King Salman and the crown prince received Khashoggi’s son Salah and his brother Sahel at the Yamama Palace in Riyadh on Tuesday, where the two royals expressed their condolences, according to the state-run Saudi Press Agency, which ran the handshake photo.
A friend of the Khashoggi family told The Associated Press that Salah has been under a travel ban since his father began writing critically about the prince in columns for The Washington Post. The individual spoke on condition of anonymity, fearing reprisal.
Crown Prince Mohammed has come under mounting international pressure with critics suspecting he ordered the high-profile assassination, or at least knew about it.

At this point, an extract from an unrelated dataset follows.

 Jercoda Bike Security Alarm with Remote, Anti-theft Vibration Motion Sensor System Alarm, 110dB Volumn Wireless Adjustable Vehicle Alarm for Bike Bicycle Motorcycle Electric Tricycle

“They brought him to the royal court to accept condolences. The look on his face. This photo makes me want to scream and throw up,” wrote Manal al-Sharif, author of Daring to Drive: a Saudi Woman’s Awakening.
Fadi Al-Qadi, a Middle East human rights advocate and commentator, also denounced the photo-op as “ruthless”.

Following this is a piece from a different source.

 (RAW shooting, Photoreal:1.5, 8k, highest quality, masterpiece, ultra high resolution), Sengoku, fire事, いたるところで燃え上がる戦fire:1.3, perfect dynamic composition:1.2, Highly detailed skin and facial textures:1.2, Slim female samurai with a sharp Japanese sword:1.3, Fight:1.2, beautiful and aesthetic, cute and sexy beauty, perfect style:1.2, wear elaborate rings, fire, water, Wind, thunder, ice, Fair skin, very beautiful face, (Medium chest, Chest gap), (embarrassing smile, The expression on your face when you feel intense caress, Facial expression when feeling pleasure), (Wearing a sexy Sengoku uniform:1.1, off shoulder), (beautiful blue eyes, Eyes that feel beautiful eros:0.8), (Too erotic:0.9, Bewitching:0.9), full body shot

Chris Doyle, from the Council of Arab-British Understanding, told Al Jazeera the meeting between Khashoggi’s family members and the Saudi leadership was designed to help its reputation, but the reaction on social media indicates it was yet another communications failure surrounding the murder.
“They were seen being generous towards the family, but we see an image here that speaks 1,000 words. Really it tells such a story of the pain of Salah, Jamal Khashoggi’s son, in meeting King Salman – and particularly the crown prince,” said Doyle.
“I think many people online looking at this on social media are saying, you know, this is the face of a son who thinks he’s shaking the hand of the man who killed his father. It’s another example in this situation where some of the Saudi attempts to win the public relations war is failing.”
‘Nobody can explain it’
Saudi authorities say they have arrested 18 suspects and dismissed senior officials, but the crown prince has so far escaped blame. He has repeatedly denied any involvement in the murder.
Saudi Energy Minister Khalid al-Falih on Tuesday described Khashoggi’s killing as “abhorrent”, saying “these are difficult days for us in the kingdom of Saudi Arabia”.
“Nobody in the kingdom can justify it or explain it. From the leadership on down, we’re very upset at what has happened,” said Falih.